The Alzheimer's Association estimates nearly 6 million Americans suffer from the disease and it is the 6th leading cause of death in the US. The estimated cost of AD was $277 billion in the US in 2018. The association estimates that early and accurate diagnoses could save up to $7.9 trillion in medical and care costs over the next few decades.

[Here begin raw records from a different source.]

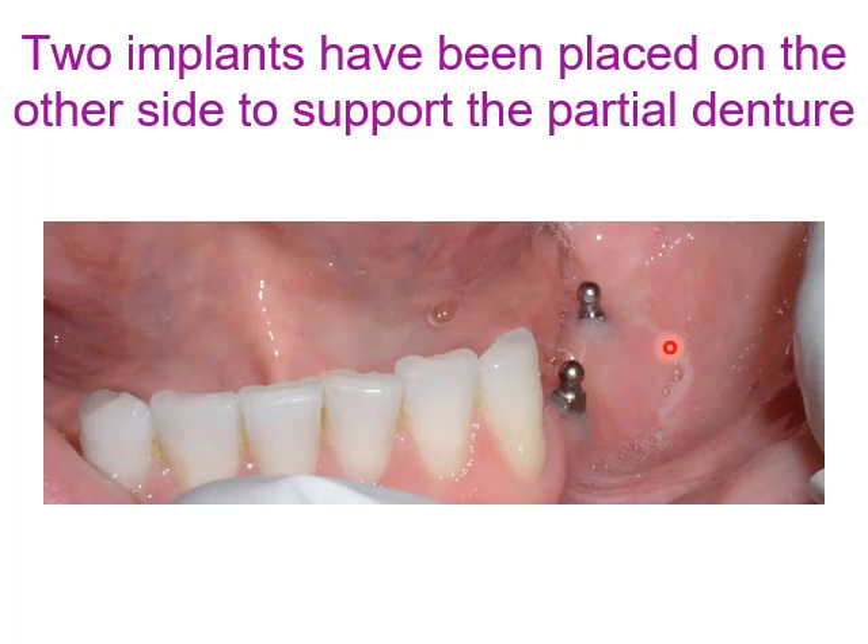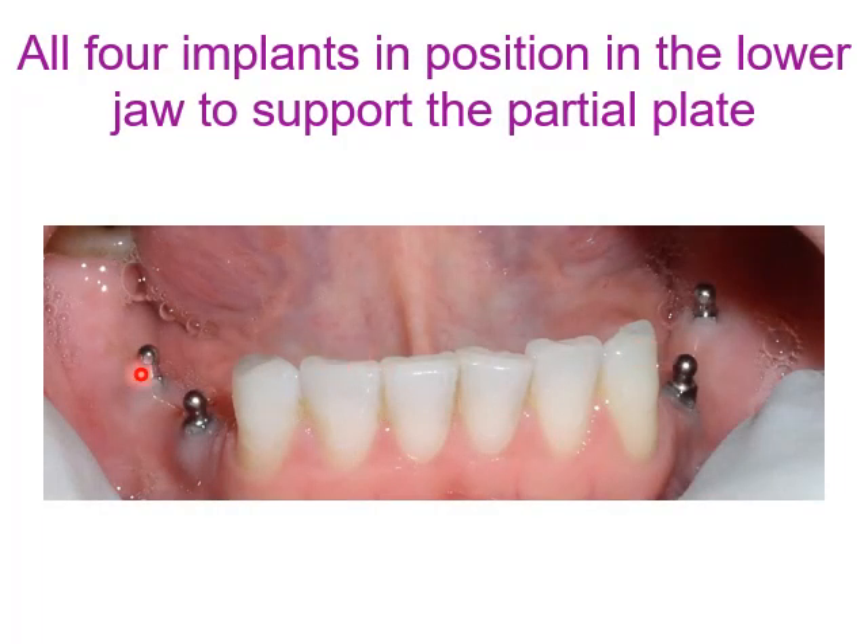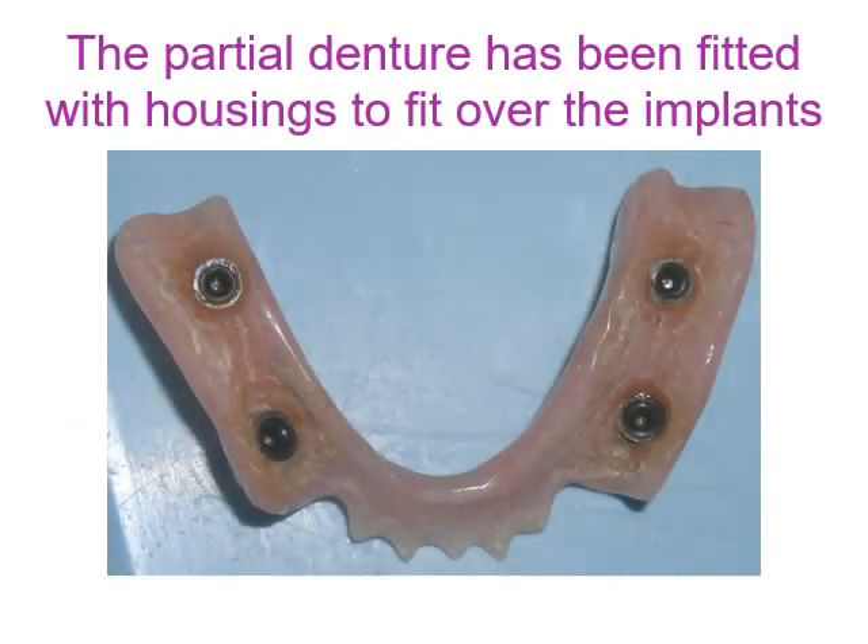Two implants have been placed on the other side to support the partial denture. All four implants are now in position in the lower jaw to support the partial plate. The partial denture has been fitted with housing to fit over the implants in the patient's mouth.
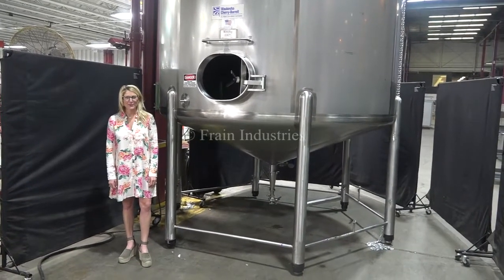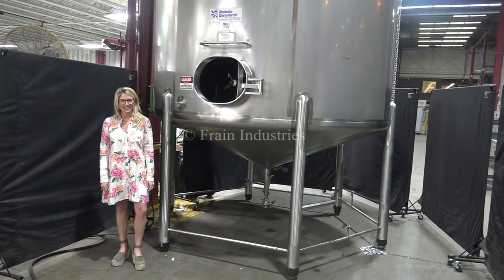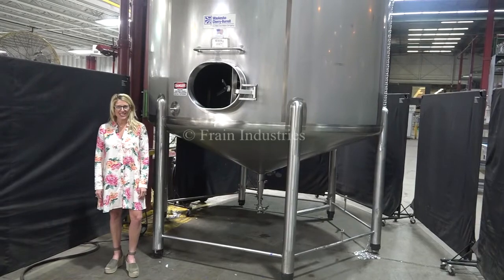Hi, I'm Katie with the Fraying Grove. Today we're cycling your Cherry Burrell 6,000 gallon mixing tank. We recommend you read the manual in its entirety before powering up the machine.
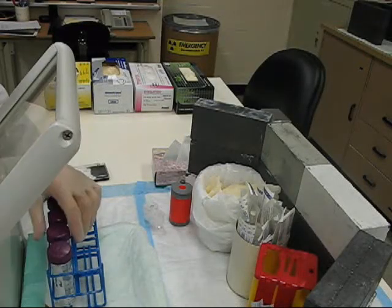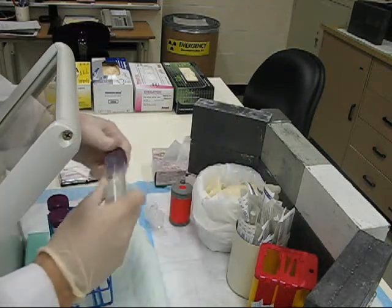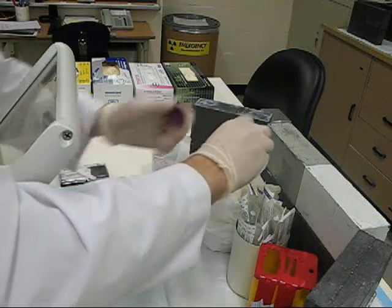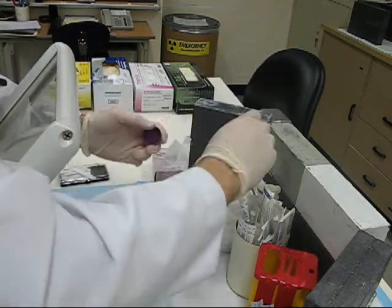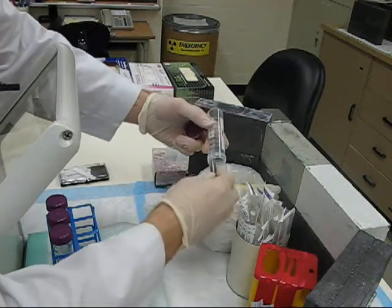Once your counting is complete, be sure to empty your containers. Sometimes it gets a bit sticky, so use your tongs to pull it out.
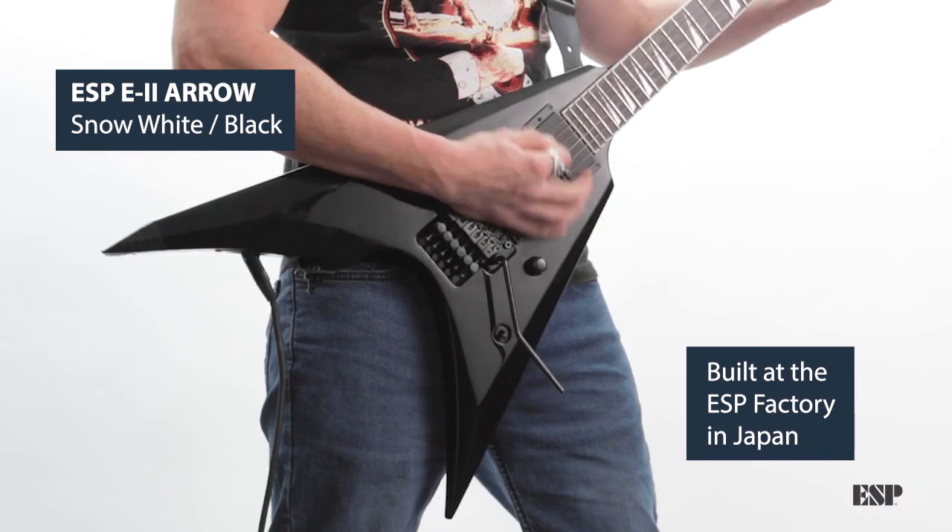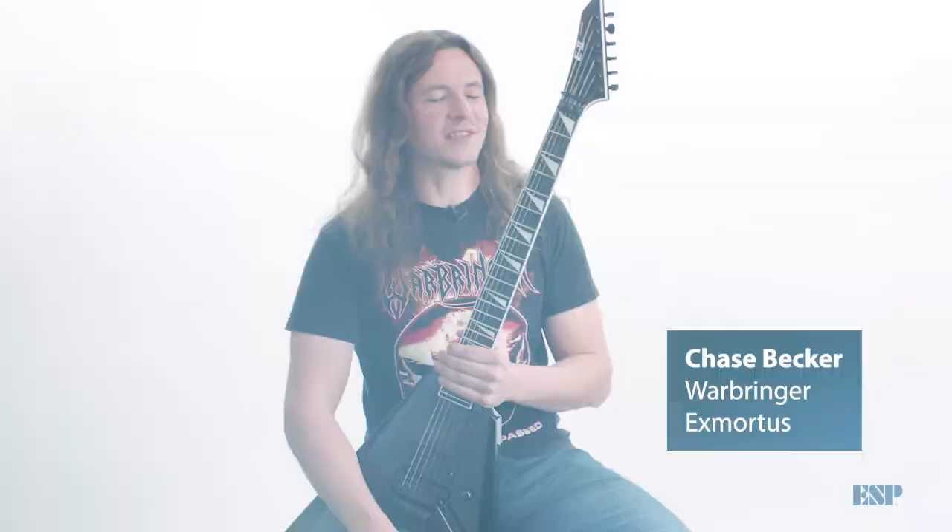I play ESP guitars, especially because they're amazing guitars and some of the best-built guitars on the planet, in my opinion.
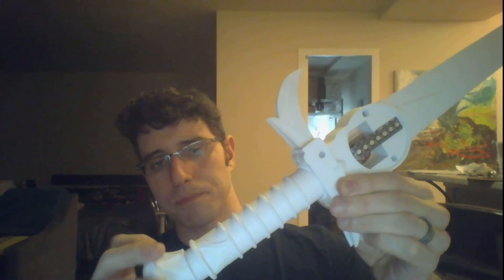I have this sword — the details about it — up on hackaday.io. There's a sci-fi contest that they have going on, and I've submitted this sword for the contest, so I'm hoping some of you guys might check that out.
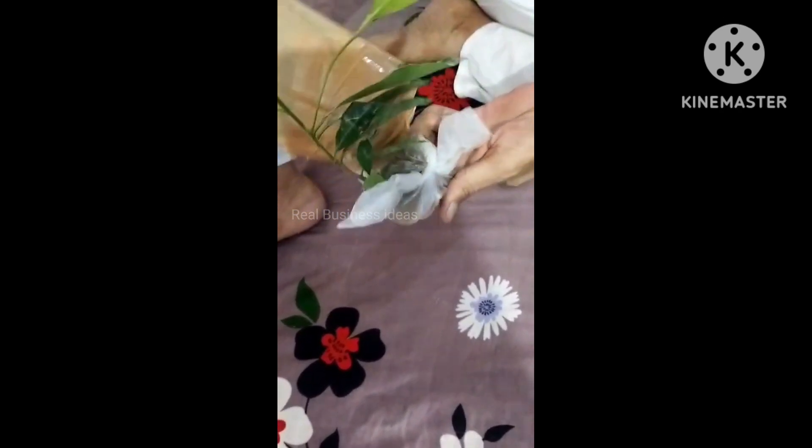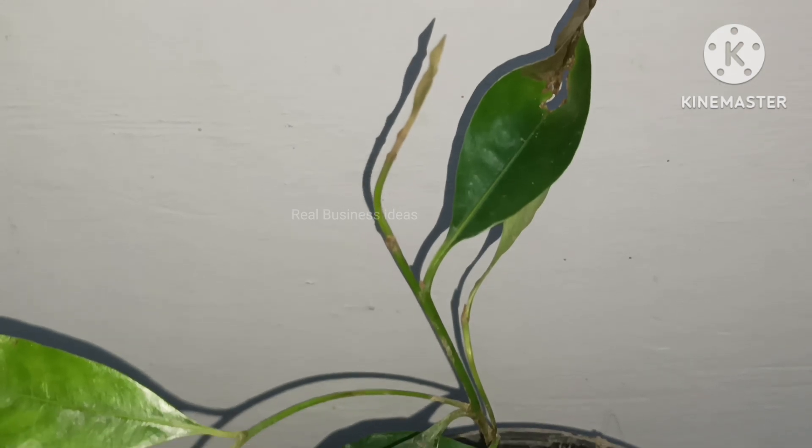This was our first experience buying a plant from an online store, so we are very happy to have this plant in this condition. After unboxing, this plant has been planted and you can see in this video how it looks.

Sources: Mayo Clinic, Alzheimer's Association, Wikipedia

Project Description:

Using data provided by the ADNI Project, it is our goal to develop a computer model that assists in the diagnosis of the disease. We will try multiple models recently popularized in machine learning (Neural Network, SVM, etc.) and more traditional statistical models such as ordinal regression, multinomial regression, and decision trees.


Data Set: ADNI Q3

  • 628 observations, 15 features (will likely use subset of features)
  • Labels: (CN, LMCI, AD)
  • Class Label distribution: alt-text
  • Features include age, gender, years of education, race, genotype, cognitive test score (MMSE), and more

To simplify the problem, we collapse CN and LMCI into the same category of "Not AD" (aka "Not Alzheimer's").

Important Note: The models using this data set assume the physician diagnoses (the labels) are correct.


Predictive Models

Solution v3 (2023): Binary Classification with XGBoost

Results:

Test Accuracy: 90.48%
Precision: 0.67
Recall: 0.87
F1: 0.75
AUC: 0.89

Initial confusion matrix (before lowering threshold 0.5 -> 0.1 to increase Recall):

Confusion Matrix

Feature Importances: (from prior models):

Feature Importances

Unsurpisingly, cognitive test scores (MMSE) and age (AGE) are the most predictive of Alzheimer's.

Solution v2 (2021): Multi-Class Prediction in Python (Jupyter Notebook)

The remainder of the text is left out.